Attributes (48 bits)

A type-specific variable schema interpreted differently for each EntityType. More bits are allocated to high-frequency attributes, and it is directly used for WMS SIMD filtering.

Human (0x00) Attributes

┌──────────┬────────┬────────┬──────┬────────┬────────┬─────────┬──────────┬────────────┬──────────┐
│ Subtype  │ Occup. │ Nation │ Era  │ Decade │ Gender │ Notab.  │ Language │ BirthArea  │  Field   │
│  5bit    │  6bit  │  8bit  │ 4bit │  4bit  │  2bit  │  3bit   │  6bit    │   6bit     │   4bit   │
└──────────┴────────┴────────┴──────┴────────┴────────┴─────────┴──────────┴────────────┴──────────┘
offset:  0        5       11      19     23      27      29        32         38          44

Star (0x0C) Attributes

┌────────────┬────────────┬──────────┬──────────┬────────┬────────┬──────────┬──────────┬────────┬────────┐
│ Constell.  │ SpectType  │ LumClass │ AppMag   │  RA    │  Dec   │  Flags   │ RadVel   │Redshift│Parallax│
│   7bit     │    4bit    │   3bit   │  4bit    │  4bit  │  4bit  │   6bit   │   5bit   │  5bit  │  4bit  │
└────────────┴────────────┴──────────┴──────────┴────────┴────────┴──────────┴──────────┴────────┴────────┘

Flag bit definitions:

  • bit0: IR (infrared source)
  • bit1: Radio (radio source)
  • bit2: X-ray (X-ray source)
  • bit3: Binary (binary star)
  • bit4: Variable (variable star)
  • bit5: HighPM (high proper motion)

Operations

Entity Creation

def make_entity(
    mode: int,           # 3 bits
    entity_type: int,    # 6 bits
    attrs: int           # 48 bits
) -> bytes:
    PREFIX = 0b0001001   # 7 bits (Entity Node)
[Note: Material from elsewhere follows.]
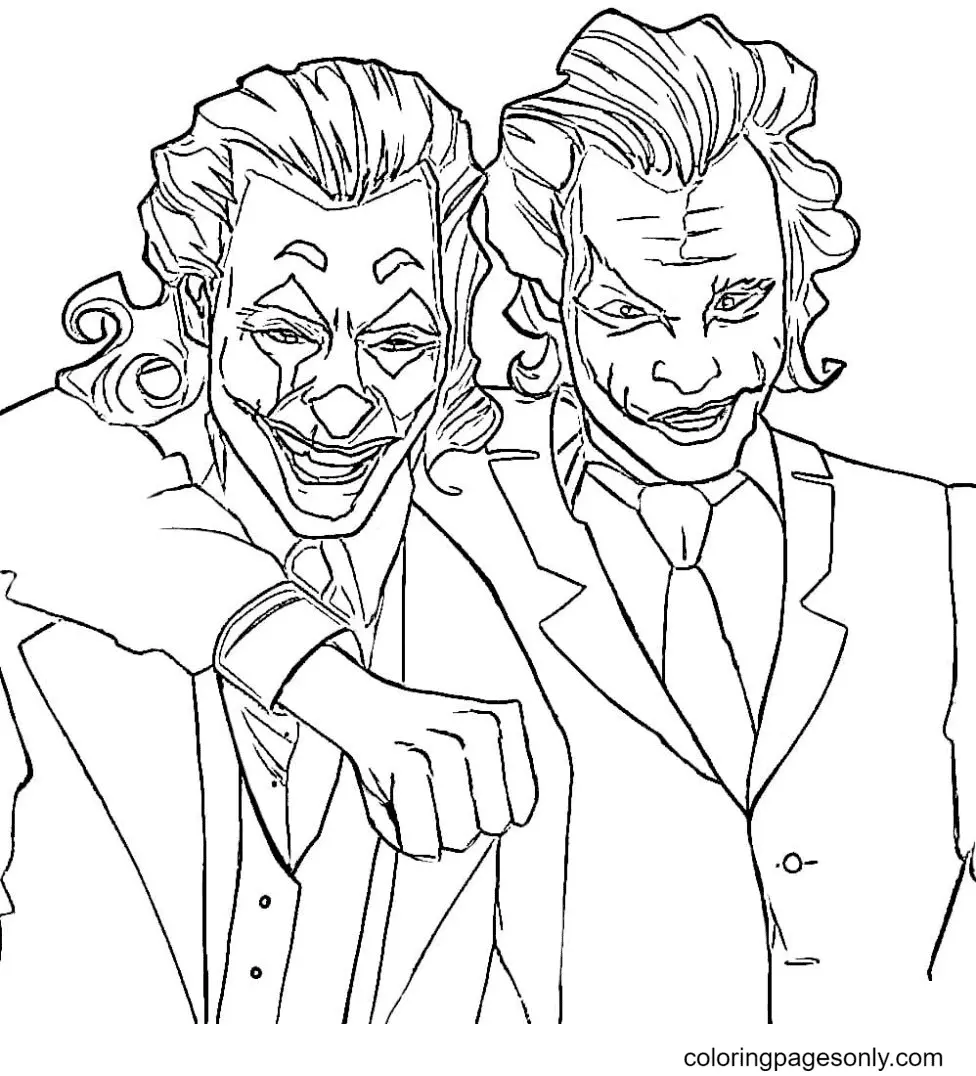 Joker Coloring Pages 29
    word1 = (PREFIX << 9) | (mode << 6) | entity_type
    word2 = (attrs >> 32) & 0xFFFF
    word3 = (attrs >> 16) & 0xFFFF
    word4 = attrs & 0xFFFF

    return (
        word1.to_bytes(2, 'big') +
        word2.to_bytes(2, 'big') +
        word3.to_bytes(2, 'big') +
        word4.to_bytes(2, 'big')
    )

Entity Parsing

def parse_entity(data: bytes) -> dict:
    word1 = int.from_bytes(data[0:2], 'big')
    word2 = int.from_bytes(data[2:4], 'big')
    word3 = int.from_bytes(data[4:6], 'big')
    word4 = int.from_bytes(data[6:8], 'big')
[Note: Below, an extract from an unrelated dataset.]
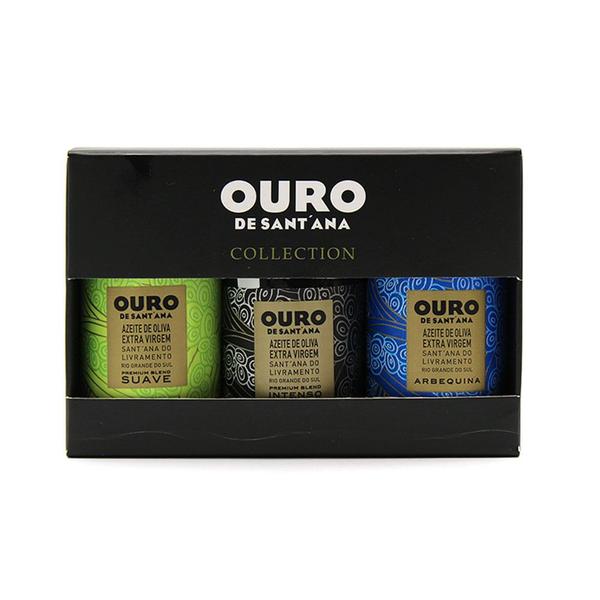 Kit de Azeite de Oliva Ouro de Sant'ana Collection 3x30ml - Ouro de Santana Imagem de Kit de Azeite de Oliva Ouro de Sant'ana Collection 3x30ml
    prefix = (word1 >> 9) & 0x7F
    mode = (word1 >> 6) & 0x7
    entity_type = word1 & 0x3F
    attrs = (word2 << 32) | (word3 << 16) | word4

    return {
        'prefix': prefix,
        'mode': mode,
        'entity_type': entity_type,
        'attrs': attrs
    }

Examples

Registered Entity: Yi Sun-sin

# Yi Sun-sin (Q211789)
yi_sun_sin = make_entity(
    mode=0,              # Registered entity
    entity_type=0x00,    # Human
    attrs=(
        (0x06 << 43) |   # Subtype: Military
        (0x01 << 37) |   # Occupation: Admiral
        (0x52 << 29) |   # Nationality: Korea
        (0x5 << 25) |    # Era: Early Modern
        (0x0 << 21) |    # Decade: 1540s
        (0x01 << 19) |   # Gender: Male
        (0x7 << 16)      # Notability: 1000+
    )
)
# Q-ID link: Triple(yi_sun_sin_SIDX, P-externalID, "Q211789")
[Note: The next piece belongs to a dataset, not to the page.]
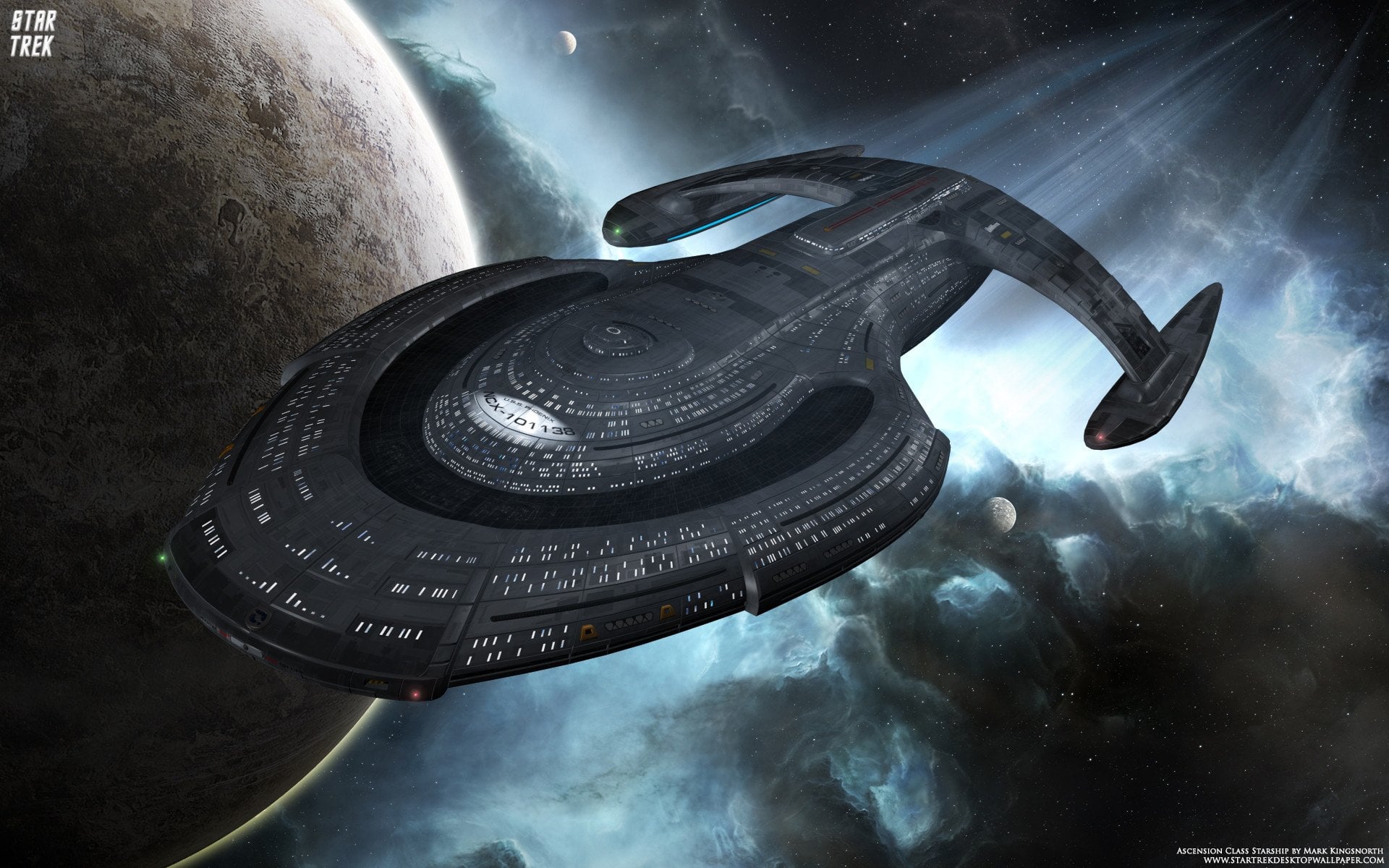 Ascension Class Federation Starship Wallpaper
Abstract: “every Korean man”

all_korean_men = make_entity(
    mode=4,              # Universal (every)
    entity_type=0x00,    # Human
    attrs=(
        (0x52 << 29) |   # Nationality: Korea
        (0x01 << 19)     # Gender: Male
    )
)

Subtype Mapping

Many Wikidata types are subtypes of the 64 EntityTypes. The encoder inspects the P31 value and routes to the appropriate parent type.

Subtype (P31)Parent typeEntity count
Q13442814 (scholarly article)Document (0x31)45.2M
Q67206691 (infrared source)Star (0x0C)2.6M
Q13100073 (village of China)Village (0x1D)592K

Coverage

ItemValue
Total Wikidata entities117,419,925
Wikimedia internal (excluded)8,565,353 (7.3%)
SIDX target108,854,572 (92.7%)
Direct coverage by 64 types36,295,074 (33.3%)
Subtype absorption71,842,429 (66.0%)
Other fallback717,069 (0.7%)
Final coverage100%
Collision rate< 0.01%

Q-ID Linking

Entity Node does not embed Q-IDs internally. Instead, they are linked separately via Triple Edge.

Subject:  Entity_SIDX (64 bits)
Property: P-externalID (e.g., P-Wikidata)
Object:   "Q12345" (string or integer)